Review of Compilation Number Two Album by On The Bone

On The Bone
Compilation Number Two
Album Review

On The Bone Compilation Number Two Album

With London too busy trying to create the next big scene, Sheffield still cloning the next Arctic Monkeys and Manchester desperately clinging on to the coat tails of its past, Leeds has usurped all of them in terms of being the UK's focal point for exciting new talent as well as envisaging a continuing DIY aesthetic among many aspiring labels to ensure said music gets heard elsewhere.

One such label is On The Bone Records, essentially the brainchild of one James Brown, himself featuring on this compilation as one quarter of Leeds' newest, noisiest kids on the block, Pulled Apart By Horses. 'On The Bone Compilation (Number 2)' follows on from last year's first release, and subsequent single releases from the now departed Mother Vulpine, Fran Rodgers and That Fu**ing Tank, the latter two both making telling contributions here.

Cramming together a massive nineteen tracks, '.Compilation (Number 2)' still doesn't tell half the story as to what a real hotbed of creativity Leeds is at present, yet manages to avoid including a duff track all the same, which says everything about the city and its music scene.

What's more, the Leeds 'scene' isn't a defined scene by genre or sound as such, so for your money's worth - a mere fiver folks, which makes this an absolute bargain - you've got an eclectic mix of the good and the great, ranging from This Et Al's progressive space rock to The Lodger's bedroom indie that could almost be renamed Son Of Gedge.
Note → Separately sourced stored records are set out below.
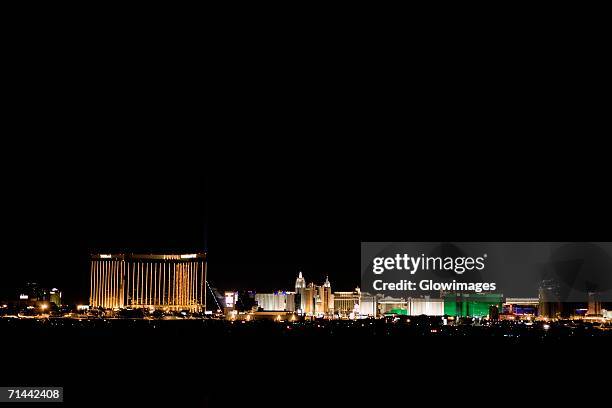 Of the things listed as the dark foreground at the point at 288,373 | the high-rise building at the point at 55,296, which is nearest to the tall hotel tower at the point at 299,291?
the high-rise building at the point at 55,296

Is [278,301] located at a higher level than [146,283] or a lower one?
lower

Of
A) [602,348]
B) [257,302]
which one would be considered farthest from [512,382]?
[257,302]

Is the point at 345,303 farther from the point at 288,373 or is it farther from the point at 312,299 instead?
the point at 288,373

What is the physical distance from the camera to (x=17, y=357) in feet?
102

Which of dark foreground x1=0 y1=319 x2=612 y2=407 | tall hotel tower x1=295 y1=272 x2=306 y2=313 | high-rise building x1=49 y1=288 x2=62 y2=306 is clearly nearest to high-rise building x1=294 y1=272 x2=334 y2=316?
tall hotel tower x1=295 y1=272 x2=306 y2=313

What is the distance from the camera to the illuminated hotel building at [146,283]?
4013 inches

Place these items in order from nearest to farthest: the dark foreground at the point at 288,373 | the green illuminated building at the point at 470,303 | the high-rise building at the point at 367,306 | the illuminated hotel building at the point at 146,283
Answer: the dark foreground at the point at 288,373, the green illuminated building at the point at 470,303, the illuminated hotel building at the point at 146,283, the high-rise building at the point at 367,306

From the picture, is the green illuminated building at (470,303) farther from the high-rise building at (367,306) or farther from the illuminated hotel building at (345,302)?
the illuminated hotel building at (345,302)

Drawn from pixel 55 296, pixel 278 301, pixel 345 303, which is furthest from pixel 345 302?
pixel 55 296

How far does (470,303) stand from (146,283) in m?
44.7

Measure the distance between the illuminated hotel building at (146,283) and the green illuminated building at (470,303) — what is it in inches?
1257

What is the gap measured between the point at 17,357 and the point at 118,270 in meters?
75.0

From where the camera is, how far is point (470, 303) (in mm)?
96250

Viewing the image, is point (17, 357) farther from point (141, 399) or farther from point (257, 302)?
point (257, 302) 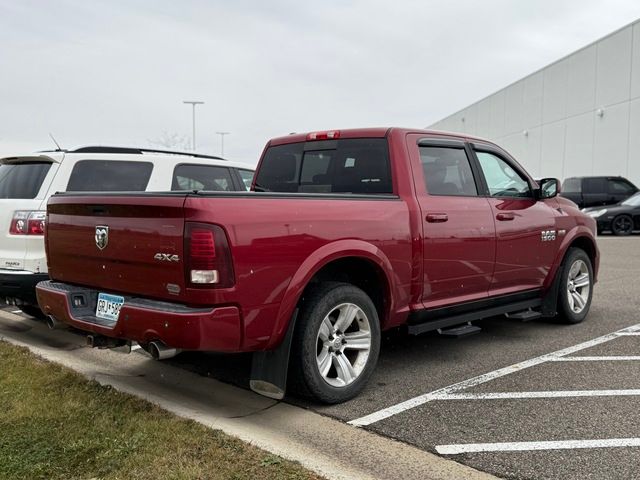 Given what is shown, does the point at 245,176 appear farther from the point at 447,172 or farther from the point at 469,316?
the point at 469,316

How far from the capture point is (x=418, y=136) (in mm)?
4711

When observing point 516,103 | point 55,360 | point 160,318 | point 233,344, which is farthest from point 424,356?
point 516,103

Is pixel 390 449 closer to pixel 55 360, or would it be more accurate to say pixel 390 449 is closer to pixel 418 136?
pixel 418 136

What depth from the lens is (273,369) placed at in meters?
3.61

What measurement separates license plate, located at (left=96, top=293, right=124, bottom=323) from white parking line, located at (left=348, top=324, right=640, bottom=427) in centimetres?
158

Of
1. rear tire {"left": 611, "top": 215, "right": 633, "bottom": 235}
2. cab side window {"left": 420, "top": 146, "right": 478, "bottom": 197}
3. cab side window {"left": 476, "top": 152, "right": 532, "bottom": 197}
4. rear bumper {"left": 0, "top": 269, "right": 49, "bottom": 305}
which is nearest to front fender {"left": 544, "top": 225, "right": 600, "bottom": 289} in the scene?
cab side window {"left": 476, "top": 152, "right": 532, "bottom": 197}

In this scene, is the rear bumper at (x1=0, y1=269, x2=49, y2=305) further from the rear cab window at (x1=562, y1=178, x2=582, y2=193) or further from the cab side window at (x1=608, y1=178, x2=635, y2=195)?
the cab side window at (x1=608, y1=178, x2=635, y2=195)

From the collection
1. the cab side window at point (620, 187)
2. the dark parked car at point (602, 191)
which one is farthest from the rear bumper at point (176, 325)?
the cab side window at point (620, 187)

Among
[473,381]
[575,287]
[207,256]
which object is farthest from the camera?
[575,287]

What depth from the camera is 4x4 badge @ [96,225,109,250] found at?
3689mm

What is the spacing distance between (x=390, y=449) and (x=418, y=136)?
2.45 m

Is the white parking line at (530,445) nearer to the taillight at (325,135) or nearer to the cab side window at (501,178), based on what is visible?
the cab side window at (501,178)

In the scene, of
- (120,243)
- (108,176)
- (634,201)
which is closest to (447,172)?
(120,243)

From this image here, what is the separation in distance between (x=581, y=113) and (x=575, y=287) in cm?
2503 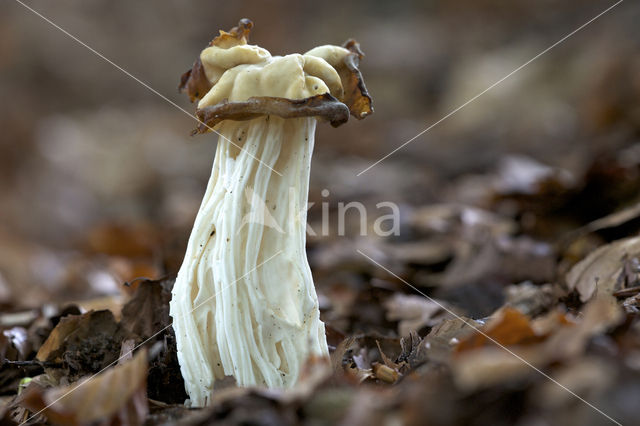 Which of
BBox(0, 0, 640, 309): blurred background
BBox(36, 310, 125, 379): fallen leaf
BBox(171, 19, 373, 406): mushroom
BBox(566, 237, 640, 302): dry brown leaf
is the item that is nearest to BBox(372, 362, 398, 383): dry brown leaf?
BBox(171, 19, 373, 406): mushroom

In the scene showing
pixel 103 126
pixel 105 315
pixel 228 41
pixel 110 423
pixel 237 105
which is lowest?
pixel 110 423

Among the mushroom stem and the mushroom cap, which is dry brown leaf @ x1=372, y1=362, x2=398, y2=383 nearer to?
the mushroom stem

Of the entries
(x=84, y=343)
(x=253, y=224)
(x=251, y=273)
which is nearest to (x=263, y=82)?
(x=253, y=224)

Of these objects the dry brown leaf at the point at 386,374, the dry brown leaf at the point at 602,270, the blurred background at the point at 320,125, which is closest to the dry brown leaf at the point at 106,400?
the dry brown leaf at the point at 386,374

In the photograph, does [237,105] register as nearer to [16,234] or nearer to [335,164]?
[335,164]

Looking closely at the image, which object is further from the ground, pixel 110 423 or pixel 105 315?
pixel 105 315

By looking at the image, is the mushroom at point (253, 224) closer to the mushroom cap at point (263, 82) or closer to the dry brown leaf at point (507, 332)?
the mushroom cap at point (263, 82)

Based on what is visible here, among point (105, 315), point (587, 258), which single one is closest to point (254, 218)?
point (105, 315) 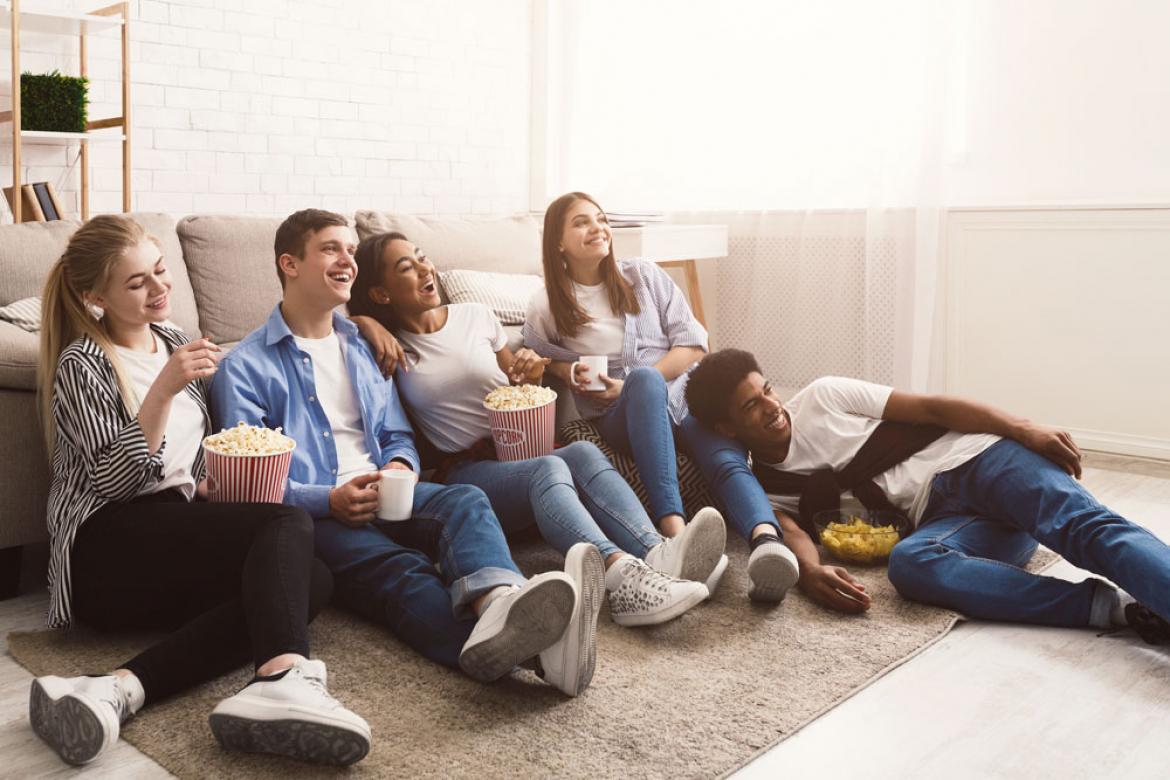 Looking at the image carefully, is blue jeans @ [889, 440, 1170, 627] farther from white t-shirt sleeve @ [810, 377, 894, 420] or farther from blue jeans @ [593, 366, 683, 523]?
blue jeans @ [593, 366, 683, 523]

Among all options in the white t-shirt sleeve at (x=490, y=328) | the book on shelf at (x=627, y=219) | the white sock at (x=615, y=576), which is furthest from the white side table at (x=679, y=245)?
the white sock at (x=615, y=576)

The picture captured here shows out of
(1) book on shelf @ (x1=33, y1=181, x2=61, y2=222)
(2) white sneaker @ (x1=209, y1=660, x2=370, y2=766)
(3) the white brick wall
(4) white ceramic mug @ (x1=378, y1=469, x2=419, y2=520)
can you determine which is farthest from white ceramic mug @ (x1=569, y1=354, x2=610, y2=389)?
(3) the white brick wall

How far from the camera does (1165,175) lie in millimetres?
3613

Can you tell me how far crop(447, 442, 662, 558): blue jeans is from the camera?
2146mm

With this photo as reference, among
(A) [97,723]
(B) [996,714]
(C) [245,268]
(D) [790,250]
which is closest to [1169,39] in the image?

Elsewhere, the aforementioned That Fu**ing Tank and These Monsters fuse instrumental post-rock with a monstrous noise that the former elongate into a nine-minute prog-belter of epic proportions.

Wintermute and Mucky Sailor both contribute spiky gems that are almost radio-friendly in their delivery, yet retain an added bite and individuality about them that could see either band following !Forward Russia!'s well-trodden path towards more widespread, nationwide recognition.

Two of the better known artists here, I Concur and Grammatics, both get the remix treatment which although not an improvement on the original versions, aren't wholly unlistenable either, the Bracken remix of the former's 'Lucky Jack' just about scraping home in front of God Bolton's reworking of 'Polar Swelling'.

All in all, this is another essential compilation and another fine artefact to add to the many already on offer from this previously overlooked city. London, you've a lot of catching up to do.